Unpacking Options
Values: A Case Study in Language Design
Language design happens at many levels of granularity. This post is an
example of a fine-grained example.
I mentioned KernelF before.
It is a functional language whose purpose is to be embedded into DSLs,
according to the third pattern described in the previous post. KernelF has option types. This post is about
the design of the syntax used to unpack options.
Option Types
Option types are used to
handle null values in a type-safe way. The constant maybe in the
code below can either be an actual number value, or nothing, represented by none, depending on
the value of aBool. The if expression
then produces either none or 42. This is why
the constant is typed as an option<number> instead of just number.
val maybe : option<number> = if aBool then
42 else none
Most operators, as well as
many dot operations, are overloaded to also work with option<T> if they
are defined for T. If one of the arguments is none, then the
whole expression evaluates to none. In this sense, a none value
“bubbles” up. Note that the type system represents this; the + operator
and the length call in the example below are also option
types!
val nothing : option<number>
= none
val something : option<number> = 10
val noText : option<string>
= noneassert nothing + 10 equals
none
assert something + 10 equals 20
assert noText.length equals
none
The language design issue we
address in this post is: how do you extract a value of type T from an option<T> after
testing that it actually contains a Tinstead of a none.
The Starting Point
We started with a first-class
concept with some, plus an expression val that
would provide access to the optioned value if it is not none. Having a
first-class concept makes analyses simple to build, because it is simple to
recognise a check for some because the language
concept directly expresses it.
fun f(x: option<number>) = with some x
=> val none 10
The example above returns the
value inside the option, and 10 if the option contains a none.

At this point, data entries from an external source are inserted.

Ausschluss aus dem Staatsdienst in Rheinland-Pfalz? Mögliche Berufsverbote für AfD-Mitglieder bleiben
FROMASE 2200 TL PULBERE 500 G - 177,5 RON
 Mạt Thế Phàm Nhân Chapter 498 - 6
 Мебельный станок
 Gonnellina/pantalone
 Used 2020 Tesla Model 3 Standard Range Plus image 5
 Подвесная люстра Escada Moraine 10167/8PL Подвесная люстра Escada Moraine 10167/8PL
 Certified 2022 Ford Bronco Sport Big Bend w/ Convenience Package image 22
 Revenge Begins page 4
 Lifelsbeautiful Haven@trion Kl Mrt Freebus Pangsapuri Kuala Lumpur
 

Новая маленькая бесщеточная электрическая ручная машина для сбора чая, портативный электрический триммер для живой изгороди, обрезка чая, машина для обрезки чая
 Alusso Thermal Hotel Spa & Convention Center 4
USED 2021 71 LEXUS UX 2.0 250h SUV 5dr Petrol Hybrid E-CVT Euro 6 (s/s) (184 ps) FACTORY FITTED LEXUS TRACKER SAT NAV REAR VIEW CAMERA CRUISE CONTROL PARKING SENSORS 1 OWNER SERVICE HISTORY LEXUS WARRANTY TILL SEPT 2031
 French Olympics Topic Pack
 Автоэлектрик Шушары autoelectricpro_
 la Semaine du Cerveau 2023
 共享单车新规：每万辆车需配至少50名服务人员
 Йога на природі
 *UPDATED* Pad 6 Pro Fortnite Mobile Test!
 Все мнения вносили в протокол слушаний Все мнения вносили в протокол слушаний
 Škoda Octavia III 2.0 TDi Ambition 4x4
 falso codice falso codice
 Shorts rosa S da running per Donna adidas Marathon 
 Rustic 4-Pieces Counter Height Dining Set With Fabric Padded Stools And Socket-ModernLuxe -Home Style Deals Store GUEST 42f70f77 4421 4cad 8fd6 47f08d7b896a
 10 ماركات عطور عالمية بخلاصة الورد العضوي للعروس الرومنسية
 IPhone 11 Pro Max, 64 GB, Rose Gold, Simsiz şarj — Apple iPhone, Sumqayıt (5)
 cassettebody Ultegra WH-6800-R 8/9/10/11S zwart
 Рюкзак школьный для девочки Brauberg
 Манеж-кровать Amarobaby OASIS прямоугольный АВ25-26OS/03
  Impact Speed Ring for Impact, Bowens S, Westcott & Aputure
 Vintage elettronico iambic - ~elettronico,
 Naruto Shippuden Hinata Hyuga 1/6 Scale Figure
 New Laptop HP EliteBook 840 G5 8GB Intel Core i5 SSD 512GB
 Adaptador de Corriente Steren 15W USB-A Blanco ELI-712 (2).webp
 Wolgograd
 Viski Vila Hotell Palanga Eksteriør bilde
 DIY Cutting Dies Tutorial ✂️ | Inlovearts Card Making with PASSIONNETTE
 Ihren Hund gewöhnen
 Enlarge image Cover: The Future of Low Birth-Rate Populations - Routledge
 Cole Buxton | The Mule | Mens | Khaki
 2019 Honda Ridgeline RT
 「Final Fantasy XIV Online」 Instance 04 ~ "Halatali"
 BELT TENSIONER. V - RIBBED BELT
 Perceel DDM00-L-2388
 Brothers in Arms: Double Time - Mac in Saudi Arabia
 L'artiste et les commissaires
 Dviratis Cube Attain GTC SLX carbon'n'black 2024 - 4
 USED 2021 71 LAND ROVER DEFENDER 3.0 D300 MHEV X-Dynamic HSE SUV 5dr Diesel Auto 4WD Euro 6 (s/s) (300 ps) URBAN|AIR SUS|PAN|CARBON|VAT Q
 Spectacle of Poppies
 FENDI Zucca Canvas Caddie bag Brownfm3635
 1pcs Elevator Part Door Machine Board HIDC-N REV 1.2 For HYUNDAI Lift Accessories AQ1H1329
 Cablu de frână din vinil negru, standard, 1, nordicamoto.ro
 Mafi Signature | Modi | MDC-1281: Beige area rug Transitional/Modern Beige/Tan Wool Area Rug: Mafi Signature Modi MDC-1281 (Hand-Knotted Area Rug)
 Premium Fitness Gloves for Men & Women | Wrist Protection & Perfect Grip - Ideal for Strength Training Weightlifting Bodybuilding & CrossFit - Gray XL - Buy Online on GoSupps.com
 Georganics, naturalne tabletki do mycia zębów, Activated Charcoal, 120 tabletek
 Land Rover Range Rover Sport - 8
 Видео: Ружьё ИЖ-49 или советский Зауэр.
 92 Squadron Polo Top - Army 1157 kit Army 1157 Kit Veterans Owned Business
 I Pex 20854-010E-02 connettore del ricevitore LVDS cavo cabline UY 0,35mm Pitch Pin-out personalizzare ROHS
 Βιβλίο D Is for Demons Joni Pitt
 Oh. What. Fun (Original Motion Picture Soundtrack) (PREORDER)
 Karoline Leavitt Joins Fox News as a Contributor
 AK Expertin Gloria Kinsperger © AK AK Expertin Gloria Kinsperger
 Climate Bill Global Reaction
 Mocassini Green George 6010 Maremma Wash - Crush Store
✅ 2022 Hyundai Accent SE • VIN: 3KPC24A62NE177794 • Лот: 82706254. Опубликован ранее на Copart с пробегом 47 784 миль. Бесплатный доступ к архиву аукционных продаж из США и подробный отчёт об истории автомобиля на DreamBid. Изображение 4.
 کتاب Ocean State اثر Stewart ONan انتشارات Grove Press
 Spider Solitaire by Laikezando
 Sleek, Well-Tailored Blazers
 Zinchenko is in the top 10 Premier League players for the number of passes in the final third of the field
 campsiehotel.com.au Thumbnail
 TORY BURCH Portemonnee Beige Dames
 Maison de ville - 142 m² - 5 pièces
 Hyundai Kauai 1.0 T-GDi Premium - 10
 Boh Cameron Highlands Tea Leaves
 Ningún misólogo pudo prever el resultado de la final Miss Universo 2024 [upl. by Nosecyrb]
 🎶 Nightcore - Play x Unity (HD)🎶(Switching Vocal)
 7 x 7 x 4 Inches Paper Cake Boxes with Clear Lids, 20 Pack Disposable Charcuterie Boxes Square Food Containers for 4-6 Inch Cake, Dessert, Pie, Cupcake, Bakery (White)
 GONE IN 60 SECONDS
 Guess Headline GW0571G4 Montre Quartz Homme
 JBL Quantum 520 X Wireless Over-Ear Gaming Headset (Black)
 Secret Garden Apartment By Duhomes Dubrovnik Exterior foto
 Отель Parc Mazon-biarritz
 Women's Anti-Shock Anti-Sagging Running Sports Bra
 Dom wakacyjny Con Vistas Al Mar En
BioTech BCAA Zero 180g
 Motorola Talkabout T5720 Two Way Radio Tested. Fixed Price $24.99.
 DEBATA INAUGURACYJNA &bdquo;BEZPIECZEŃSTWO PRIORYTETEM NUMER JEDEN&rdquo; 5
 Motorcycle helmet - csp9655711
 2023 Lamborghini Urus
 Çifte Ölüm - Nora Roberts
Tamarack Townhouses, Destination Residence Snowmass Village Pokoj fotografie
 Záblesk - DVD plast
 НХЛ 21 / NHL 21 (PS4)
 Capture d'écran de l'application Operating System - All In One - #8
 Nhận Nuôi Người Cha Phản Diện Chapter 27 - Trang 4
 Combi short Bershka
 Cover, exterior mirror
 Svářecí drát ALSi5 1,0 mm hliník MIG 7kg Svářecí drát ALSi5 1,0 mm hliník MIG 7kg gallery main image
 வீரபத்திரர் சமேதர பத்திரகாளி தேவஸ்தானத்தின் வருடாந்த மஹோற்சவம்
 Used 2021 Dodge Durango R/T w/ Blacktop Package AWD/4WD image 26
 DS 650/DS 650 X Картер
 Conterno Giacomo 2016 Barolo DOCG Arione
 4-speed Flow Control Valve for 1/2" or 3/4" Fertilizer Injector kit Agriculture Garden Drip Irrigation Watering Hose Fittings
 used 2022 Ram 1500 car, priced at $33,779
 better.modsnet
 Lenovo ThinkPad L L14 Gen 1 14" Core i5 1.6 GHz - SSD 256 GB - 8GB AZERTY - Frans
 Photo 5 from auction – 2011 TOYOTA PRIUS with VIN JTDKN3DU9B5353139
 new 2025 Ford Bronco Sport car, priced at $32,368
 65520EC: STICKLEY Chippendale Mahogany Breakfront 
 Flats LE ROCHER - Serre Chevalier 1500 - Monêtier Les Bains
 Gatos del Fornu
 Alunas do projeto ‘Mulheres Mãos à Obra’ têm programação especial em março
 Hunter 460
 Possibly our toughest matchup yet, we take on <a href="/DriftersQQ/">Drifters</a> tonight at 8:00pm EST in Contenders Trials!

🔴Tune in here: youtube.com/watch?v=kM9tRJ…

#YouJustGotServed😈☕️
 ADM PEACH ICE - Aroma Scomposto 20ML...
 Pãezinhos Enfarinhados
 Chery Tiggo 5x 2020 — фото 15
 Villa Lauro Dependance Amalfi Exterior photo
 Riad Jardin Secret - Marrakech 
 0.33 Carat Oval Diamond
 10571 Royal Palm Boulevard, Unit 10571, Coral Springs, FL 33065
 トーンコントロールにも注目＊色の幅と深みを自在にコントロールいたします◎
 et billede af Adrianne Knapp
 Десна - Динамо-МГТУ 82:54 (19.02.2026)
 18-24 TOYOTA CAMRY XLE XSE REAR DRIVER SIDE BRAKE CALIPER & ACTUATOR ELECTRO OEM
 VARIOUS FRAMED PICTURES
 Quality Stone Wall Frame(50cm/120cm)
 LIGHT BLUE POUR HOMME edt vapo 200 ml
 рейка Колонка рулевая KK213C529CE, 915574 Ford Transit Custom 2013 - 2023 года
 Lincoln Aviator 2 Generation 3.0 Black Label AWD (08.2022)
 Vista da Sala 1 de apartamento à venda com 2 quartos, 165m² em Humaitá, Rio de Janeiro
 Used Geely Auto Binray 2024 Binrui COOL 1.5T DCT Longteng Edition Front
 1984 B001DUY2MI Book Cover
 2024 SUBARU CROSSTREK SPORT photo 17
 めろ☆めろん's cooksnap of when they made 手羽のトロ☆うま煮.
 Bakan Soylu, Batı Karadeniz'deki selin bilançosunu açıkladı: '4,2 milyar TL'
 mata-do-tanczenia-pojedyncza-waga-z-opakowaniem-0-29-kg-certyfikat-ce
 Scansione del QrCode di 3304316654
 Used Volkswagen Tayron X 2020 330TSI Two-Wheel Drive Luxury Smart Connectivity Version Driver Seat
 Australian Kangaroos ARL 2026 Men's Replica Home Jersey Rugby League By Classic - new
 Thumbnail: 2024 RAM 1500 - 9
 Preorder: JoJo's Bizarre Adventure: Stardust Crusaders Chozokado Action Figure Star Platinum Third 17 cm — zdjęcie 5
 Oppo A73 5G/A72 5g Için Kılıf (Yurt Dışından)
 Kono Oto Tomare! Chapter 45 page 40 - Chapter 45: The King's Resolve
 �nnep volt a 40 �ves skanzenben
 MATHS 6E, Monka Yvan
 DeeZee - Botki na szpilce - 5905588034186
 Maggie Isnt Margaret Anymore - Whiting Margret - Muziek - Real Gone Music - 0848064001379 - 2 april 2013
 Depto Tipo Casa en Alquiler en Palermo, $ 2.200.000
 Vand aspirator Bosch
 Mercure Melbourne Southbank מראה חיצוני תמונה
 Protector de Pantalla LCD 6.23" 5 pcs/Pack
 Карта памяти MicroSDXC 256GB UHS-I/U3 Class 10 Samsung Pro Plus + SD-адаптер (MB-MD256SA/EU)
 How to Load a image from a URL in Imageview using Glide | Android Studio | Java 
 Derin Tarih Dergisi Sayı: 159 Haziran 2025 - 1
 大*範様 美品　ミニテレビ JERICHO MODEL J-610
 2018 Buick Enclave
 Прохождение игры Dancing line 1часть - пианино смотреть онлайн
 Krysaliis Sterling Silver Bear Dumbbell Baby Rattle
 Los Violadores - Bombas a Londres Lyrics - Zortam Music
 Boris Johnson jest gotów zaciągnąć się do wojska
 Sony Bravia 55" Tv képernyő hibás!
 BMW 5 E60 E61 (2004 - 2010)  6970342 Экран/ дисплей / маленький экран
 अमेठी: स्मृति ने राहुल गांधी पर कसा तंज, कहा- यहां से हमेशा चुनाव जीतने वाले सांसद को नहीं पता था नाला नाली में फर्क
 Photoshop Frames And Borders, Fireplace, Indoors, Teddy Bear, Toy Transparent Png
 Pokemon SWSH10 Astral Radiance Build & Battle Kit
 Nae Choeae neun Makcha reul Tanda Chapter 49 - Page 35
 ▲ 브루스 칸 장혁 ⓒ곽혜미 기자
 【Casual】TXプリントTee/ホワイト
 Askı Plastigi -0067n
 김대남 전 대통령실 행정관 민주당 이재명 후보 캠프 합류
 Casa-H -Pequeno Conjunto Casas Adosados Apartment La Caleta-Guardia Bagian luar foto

We also
experimented with dot expressions to access the optioned value:
fun f(x: option<number>) = with some x
=> x.val none 10
This second version would not
work for complex expression such as function calls, since repeating the complex
expression before the dot is syntactically ugly and leads to errors if the
called function has side effects. We decided on the first alternative.
Naming
However, this alternative
will result in a problem if several with someexpressions are nested
because val would be ambiguous. The name of the expression used to refer to
the value must be changeable. One solution would be to define a value
explicitly:
fun f(x: number, y: number) = {
val xval = with some
maybe(x) => val none 10
with some maybe(y) => val
+ xval none 20
}
However, this is too verbose.
We came up with two versions of an abbreviation to define names for the tested
value:
fun f(x: number) = with some v = maybe(x) => v none 10
-- or --
fun f(x: number) = with some maybe(x) as
v => v none 10
We preferred <expr> as <name> over <name>
= <expr> because
it cannot be confused with an assignment (which we do not support in KernelF,
but peoples’ mental parser still recognises it). It is also easier from the
perspective of the user, because you can add the name (syntactically and in
terms of typing sequence) after the expression the user wants
to test. Finally, KernelF already has a facility for optionally naming things
with an as suffix. The above can then be written as:
fun f(x: number, y: number) = {
with some maybe(x) as
xval
=> with some
maybe(y) as yval => xval + yval
none
0
none 0
}
To avoid the annoying
nesting, we allowed comma-separated tests:
fun f(x: number, y: number) =
with some maybe(x) as
xval, maybe(y) as yval
=> xval + yval none 0
Using if Expressions
The first-class concept with some turned
out to be disliked by users: it introduces new keywords for something where
users intuitively wanted to use the existingif; so we allowed the if expression
to be used, again with the same variations:
fun f(x: option<number>) = if some(x) then val else 10
fun f(x: option<number>) = if some(x) then x.val else 10
fun f(x: number) = if some(maybe(x)) then val else 10
fun f(x: number) = if some(maybe(x) as v) then
v else 10
A problem with using the
existing if expression is that users can construct
arbitrarily complex expressions, such as the following:
fun f(x: option<number>) =
if some(x) || g(x) then
val else 10
In this case it cannot
(easily) be statically checked that inside the thenbranch, x always
has a value . To enforce this, we ensure that the someexpression is
the topmost expression in the if; it cannot be combined with
others. This is trivial to check structurally and avoids the need for advanced
semantic analysis of complex expressions.
Options as Booleans
We had the idea of
interpreting an option type as Boolean to avoid the need to write some:
fun f(x: option<number>) = if x then val
else 10
However, we discarded this
option because, for our target audience, we think that too much type magic is
too complicated. Another idea was to use the name of the tested variable (if it
is a simple expression) in the then part, and type it to
the content of the option. This would allow the following syntax:
fun f(x: option<number>) = if some(x) then
x else 10
This is harder to implement
because the type of x is now different depending on the location in
the source. This is not easily possible with MPS’ type system. Alternatively,
the second x could be made to be a different language
concept (which comes with a different type), but then one has to prevent the
use of the original x in the then part. This would
require all reference concepts to be aware of the mechanism; every scoping
function would have to call a filter method. While this makes language
extension a little bit harder (users have to call the filtering function), we
decided that this is worth it: since one cannot do anything else inside the then part,
providing the ``unpacked’’ value there makes sense.
Final Design
We settled on the following
syntax. The if conforms to users’ expectations, the as avoids
confusion with assignments, and we provided the magic of “automatic unpacking’’
inside the then part:
fun f(x: option<number>) = if some(x) then x else 10
fun f(x: number) = if some(maybe(x)) as v then
v else 10
For multiple tested values we
now use && instead of the comma, because the && is used
in logical expressions already as a conjunction; note that other logical
operators are not supported on some tests.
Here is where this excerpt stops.